We finally found out the issue: when a user goes in to the program to obtain a rent estimate, they are able to input the address of the property and the number of beds to be offered. The system delivers four numbers: within proximity of the unit, in the same zip code of the unit, plus wider area numbers that have no bearing.
When the housing authority uses the app, they have a different input matrix, including bedrooms, bathrooms, parking, - apparently nine factors that are used by HUD to estimate the rent. Those factors are significant, as they refine the comparable properties selected for the rent estimates. If the system is looking at the same 100 properties as comps for both myself and the housing authority, my estimate might be based on the average for some or all of those properties, without regards to any amenities, but the housing authority's estimate is going to extract a narrower set of values, rendering a far more accurate estimate.
The issue, then, is that there is no way to determine if the estimate presented to the landlord has any validity whatsoever.
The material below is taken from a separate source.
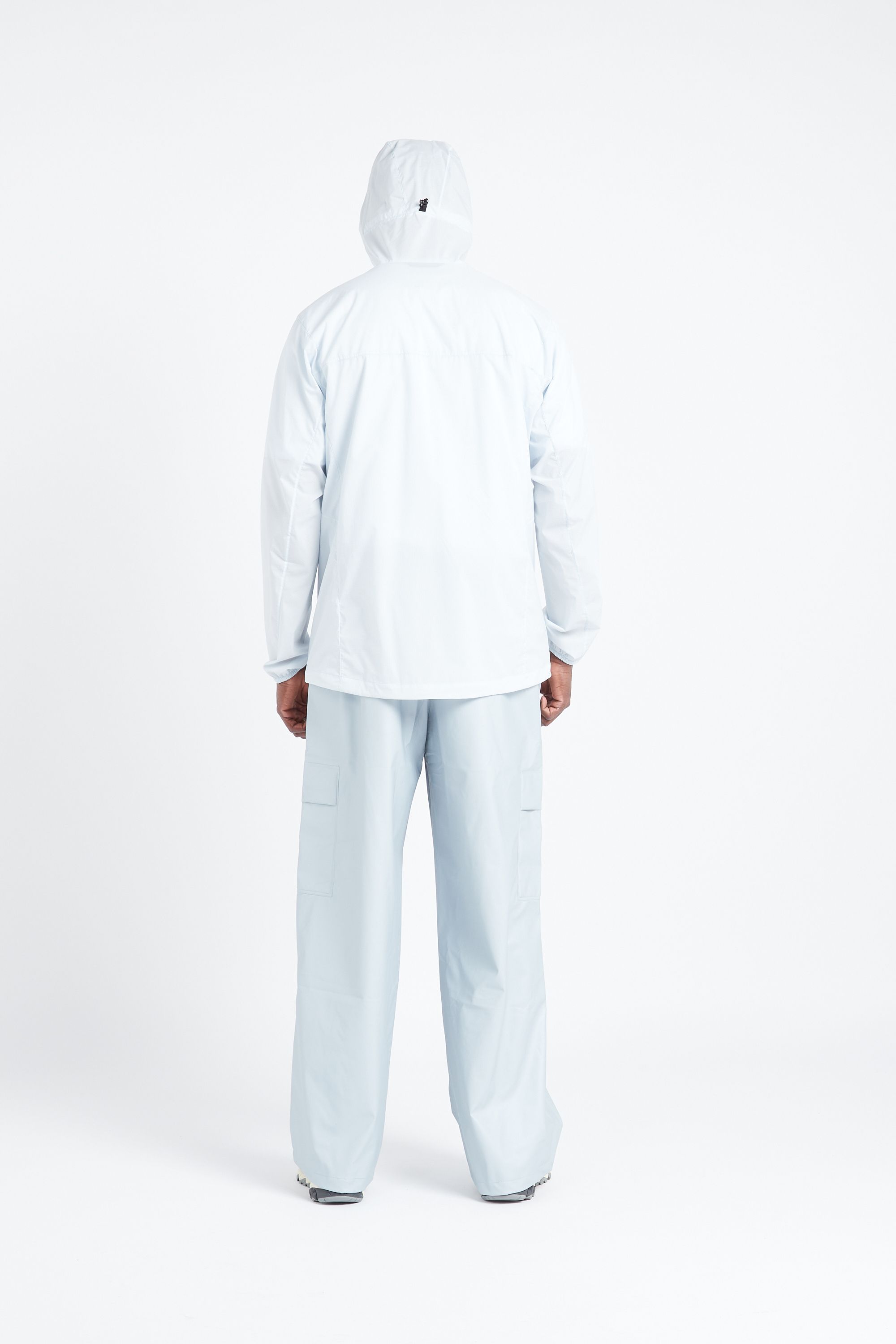 ARC'TERYX T-shirt ARC WORD LOGO Bleu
This is a problem because in working with traditional renters, the process to identify and qualify a tenant can be fairly rapid, and if the property is well priced for the market, the landlord may have a surplus of tenants to choose from. With a voucher tenant, once a rental package is accepted, everything stops until that package is submitted and vetted, and an offer of rent is presented. In Cleveland, that process has been taking 60-90 days which means that if I am relying on the rental projection from the GoSection8 site, if the offer of rent from the housing authority is below what I can accept, or below market (which is sometimes the case), not only have I lost that market time, but I also have to restart the process of finding a tenant.
The website provider has stated that only a housing authority has access to the full scope of rental data; even paying for a premium subscription does not give me access to any better information. I intend to register a protest with HUD to amend the practice. I would strongly encourage anyone reading this post who has used that site as guidance in the past to do the same.
My normal practice when determining market rent is to use a range of factors, that include GoSection8 data, the local housing authority's published rent matrix, information from Rentometer, from Zillow's rent estimator, and the MLS. The combination of those numbers yields a range of rent for a property that (so far) my pricing has fallen into for voucher tenants. But ultimately, it's grossly unfair to landlords to use two different data sets - one of them invisible - for affordable housing prices.